It could be on day 46. It could be never. So David, take your pick. It could be anywhere in between.

Dave Dalton:

Gambling's a sin. I'm not going to put any money on this one, Joan.

Joan McKown:

Okay.

Dave Dalton:

I'll just be watching and I'll see when this ultimately happens, if it does, but great summary there. Thanks so much. All right, we're going to move over to Josh Sterling, who's been suspiciously quiet, but we are moving over to an area where I know Josh is going to have a lot of great information for us. We're still talking about enforcement, but Josh, historically, the CFTC didn't always play a high profile role in enforcement on insider trading matters, but that changed with Dodd-Frank, didn't it?

Josh Sterling:

Yes. Dave, thank you very much. And I have to say, I'm glad I was on mute for the last 20 minutes or so, because I kept finding myself saying, aha, and I see. So it's been a pleasure to listen to Joan and Brian talk about the security sides of things.

You're absolutely right there, Dave, that this CFTC really hadn't had much to say in the area of insider trading. Dodd-Frank was a change for that. Dodd-Frank conferred powers to the CFTC and the CFTC ultimately adopted some anti-fraud rules that very much resemble the security's law rule under which insider trading cases are brought and that's Rule 10b5. And the CFTC rules, in particular Rule 180.1, you get to anti-fraud issues and considerations using very much the same language that the security's laws do.

So it follows that if you're going to have the ability to, and do bring cases for insider trading as a type of fraud or wrongdoing under 10b5 in securities land, you could do that under rule 180.1, let's say, in CFTC land. And so there have been cases on insider trading since Dodd-Frank and they continued through last year, not only on the misappropriation, the stealing of information, idea when you're under a duty not to disclose, and then the tipping theory of liability as well.

So you had a duty and you gave that information to someone else who traded. And that's been a little bit more rare. I guess the last thing I'll say by way of introduction is when you go through and look at a number of the CFTC cases on insider trading, you're going to find in there some other form of wrongdoing, which is to say some sort of fraud or a manipulation of a market, misleading investors, trading against them without disclosing it. And so you have all this conduct, it was already unlawful or alleged to be unlawful under the Commodity Exchange Act, but now you're getting to the way information is shared in a market.
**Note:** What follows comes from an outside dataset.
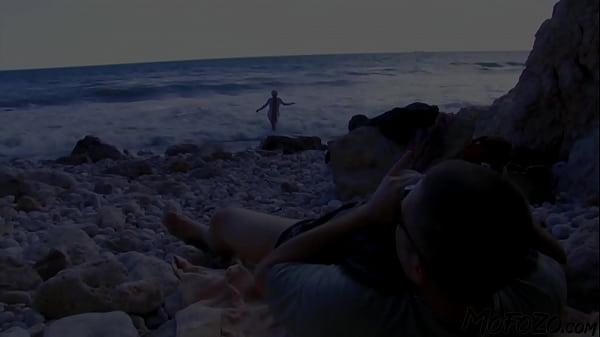 French amateur is getting fucked at the beach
This is probably a subject for a law review article or something, but there is a difference between the derivatives markets on the CFTC side and the securities markets on the SEC side, where at the SEC their capital formation and capital accumulation markets, you own stock, you own a bond. You hope it goes up in value, pays you some income and so forth.

Dave Dalton:

Right.

Josh Sterling:

There's no intrinsic value to a derivative. You either you make money on it or you don't and its term ends, or it expires or something. And so you're trying to dump a lot of information into a derivatives market to discover a price. Now that's true for stocks and bonds too, but there's no intrinsic value over here. So I always wonder if there's some connection between that and the need for an insider trading theory of liability, because you're jeopardizing the ongoing value of something, wherein as here, we're talking about a trade in a market in a period of time it ultimately goes poof, but I digress.

Dave Dalton:

Josh, can you cite some examples, in terms of the types of enforcement action, the CFTC is currently involved with, whether it's the types of cases or particular matters, what have they been doing?

Josh Sterling:

Yeah. Dave, I'll give you a couple recent examples in this insider trading area, really from the last year. There was a case that came out in December involving the individual defendant, Peter Miller and his firm Omerta Capital. And this was an insider trading action under a tipping theory of liability. Miller used information that was provided by the energy trader at his company. So there's your misappropriation of information. The trader at the company shouldn't have given it to someone else.

Dave Dalton:

Right.

Josh Sterling:

And then he also received information coming from certain brokers that basically had given him a tip and based on this information, he entered into fictitious block trades. So that are sort of large positional trades, in this case in natural gas futures, and was able to exploit that information to make a profit. And so there's this element of tipping to it in this case. It's also a case that's being brought in parallel with the Department of Justice. So some parallel proceedings there and I know we've talked about that before.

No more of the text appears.